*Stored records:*

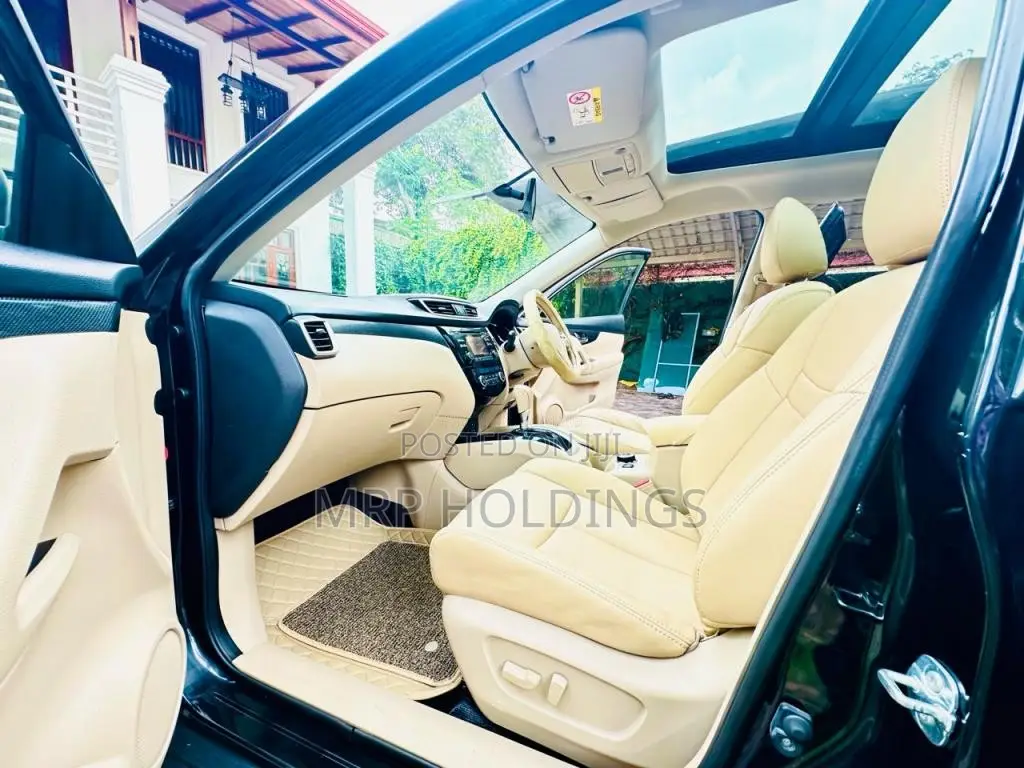Nissan X-Trail ADVANCE Spec 2015 SUV (Used)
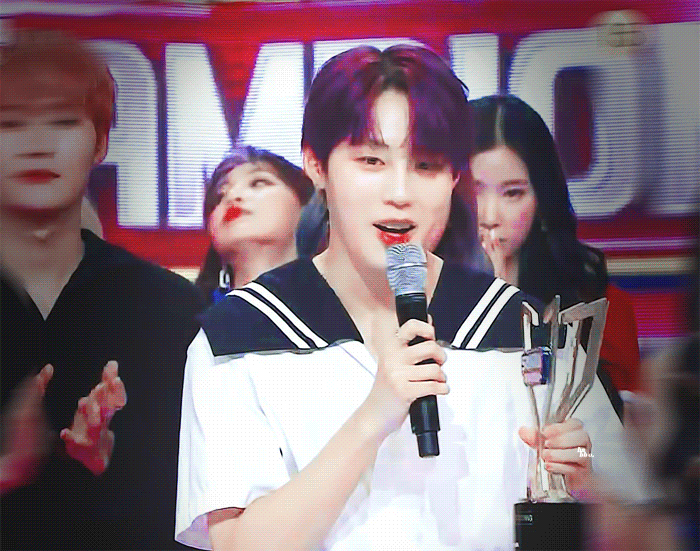  하성운 쇼챔피언 중간 인터뷰 & 엔딩 1위 챔피언송 앵콜 움짤 (190717 쇼챔)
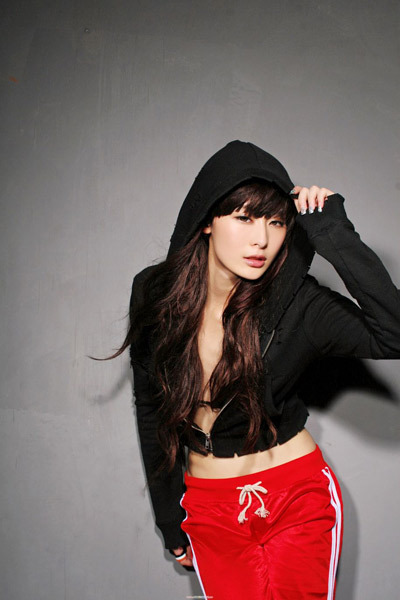 1 / 13 胡菀清是北京人,毕业于北师大.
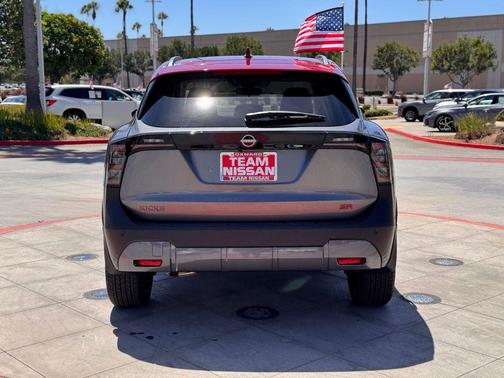 2025 Nissan Kicks SR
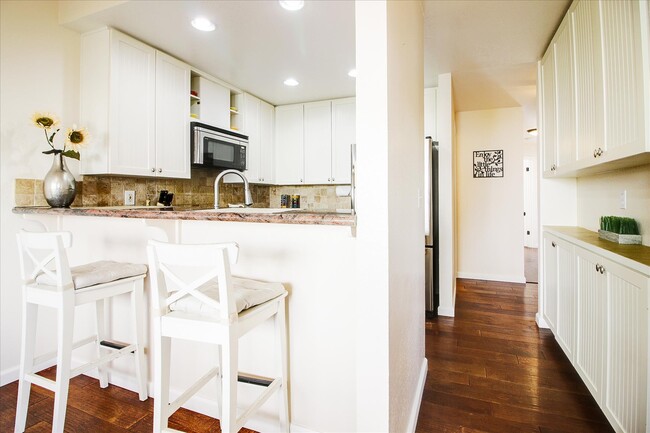 Building Photo - 1398 Meadow Ridge Cir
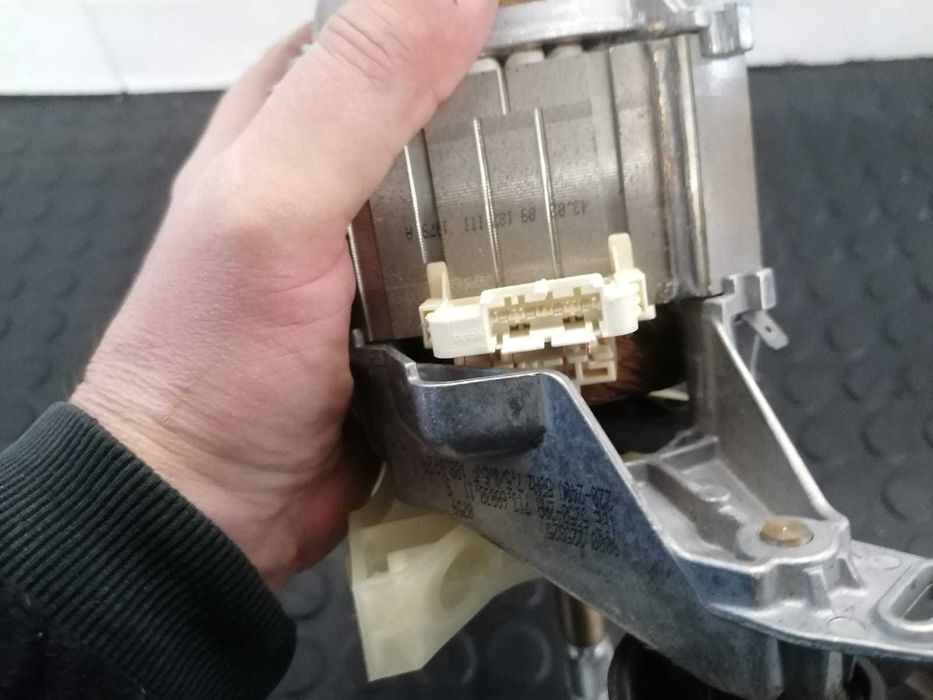 Motor uscator Bosch WTE84122BY/17 , cod piesa 00145467 / R20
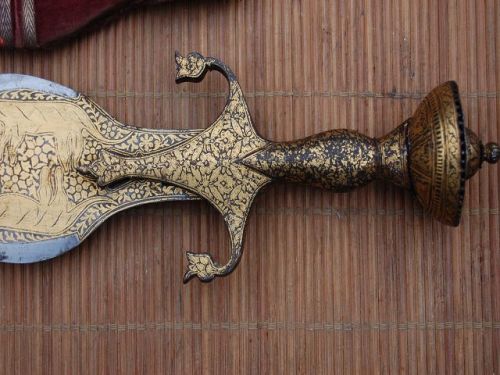 elsegno:Indo-Afghan pahari short sword, similar to and possibly a descendant of the gladius. Note th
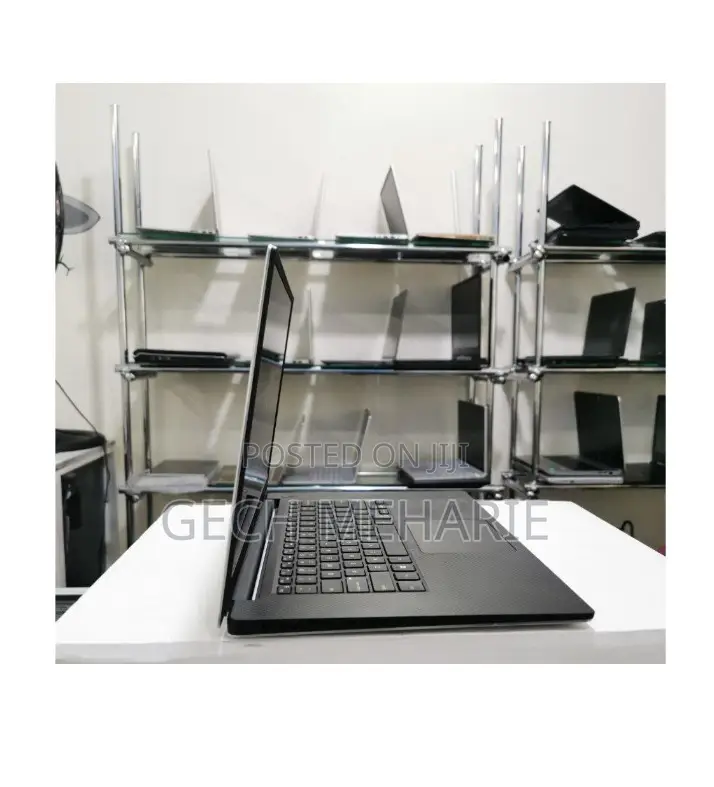 New Laptop Dell Precision 5530 16GB Intel Core I7 SSD 512GB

*TASK INSTRUCTIONS:*
The expected output is an exact retyping of the lines from the line with "Building Photo - 1398 Meadow Ridge Cir" through the last line of the data, with both ends kept and the pictures dropped.

*PROBLEM SOLUTION:*
 Building Photo - 1398 Meadow Ridge Cir
 Motor uscator Bosch WTE84122BY/17 , cod piesa 00145467 / R20
 elsegno:Indo-Afghan pahari short sword, similar to and possibly a descendant of the gladius. Note th
 New Laptop Dell Precision 5530 16GB Intel Core I7 SSD 512GB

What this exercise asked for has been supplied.